For performance, if you can make a variable a constant, do so, as this is faster than a variable. If you cannot make it into a constant, consider if there is some slight change to your algorithm that would allow you to do so. Often by decreasing the number of variables, and to the associated degree necessary increasing the number of constants, you will find your algorithms simplify at the same time that they run faster.

Primitives

Use int instead of short, byte or long. Only use short if you are going to allocate so large number of primitives that using short or byte would significantly affect the amount of RAM needed. Use long of course as needed if you have a really big number, but pay attention to convert back down to int as soon as the calculations make that possible.

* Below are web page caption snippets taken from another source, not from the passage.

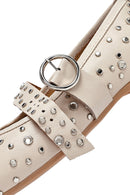 Women's Beige Buckled Stoned Leather Ballerinas | Derimod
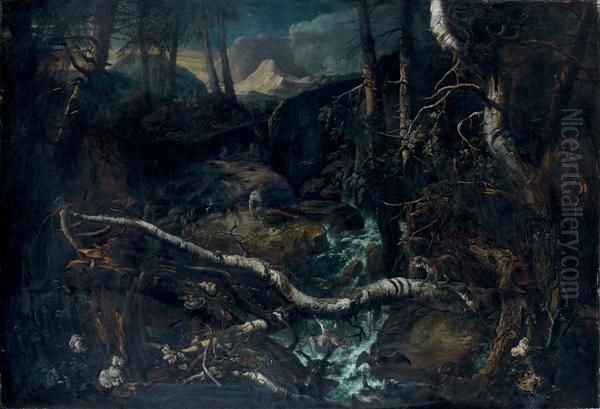 Bergers Et Renards Dans Un Paysage De Torrent En Foret Oil Painting by Anton Faistenberger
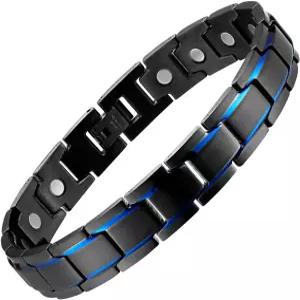 MagEnergy 남성용 마그네틱 팔찌 티타늄 스틸 손목밴드 3500 가우스 자석 8.5인치 아버지의 날을 위한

You can do this for example by using a type cast to (int) in the middle of a calculation to make the rest of the calculation faster.

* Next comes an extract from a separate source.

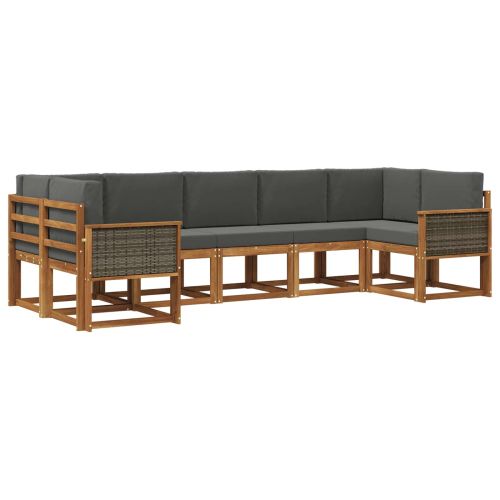 Комплект дивани за открито 7 pcs Натурален и Антрацит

Some performance differences between short, int, and long were measured with the following type of loops:

for (int i = 0; i < 3000000; i++) {
    short/int/long a = 123;
    short/int/long b = -44;
    short/int/long c = 12;

    a += c;
    b += a;
    c *= b;
}

Average times spent in loops on Nokia Asha 305 on Nokia Asha software platform (obfuscated):

  • int: 710 (580) ms

  • short: 900 (850) ms 50% slower

  • long: 1450 (1150) ms 100% slower

As expected, long is slower than int, but, furthermore, short is slightly slower than int because of the implicit type conversion (see the resulting bytecode below). javac enforces this according to the Java standards.

short

int

long

17: bipush 123

19: istore 7

21: bipush -44

23: istore 8

25: bipush 12

27: istore 9

29: iload 7

31: iload 9

33: iadd

34: i2s

35: istore 7

37: iload 8

39: iload 7

41: iadd

42: i2s

43: istore 8

45: iload 9

47: iload 8

49: imul

50: i2s

51: istore 9

113: bipush 123

115: istore 7

117: bipush -44

119: istore 8

121: bipush 12

123: istore 9

125: iload 7

127: iload 9

129: iadd

130: istore 7

132: iload 8

134: iload 7

136: iadd

137: istore 8

139: iload 9

141: iload 8

143: imul

144: istore 9

206: ldc2_w #73

209: lstore 7

211: ldc2_w #75

214: lstore 9

216: ldc2_w #77

219: lstore 11

221: lload 7

223: lload 11

225: ladd

226: lstore 7

228: lload 9

230: lload 7

232: ladd

233: lstore 9

235: lload 11

237: lload 9

239: lmul

240: lstore 11

Object creation

Object creation is relatively costly operation. The first point to remember is to try and avoid creating invariant objects in a loop (objects which do not change during loop execution). Bring the object creation before the loop, and make the object final if possible to give further hints for automatic code optimisation.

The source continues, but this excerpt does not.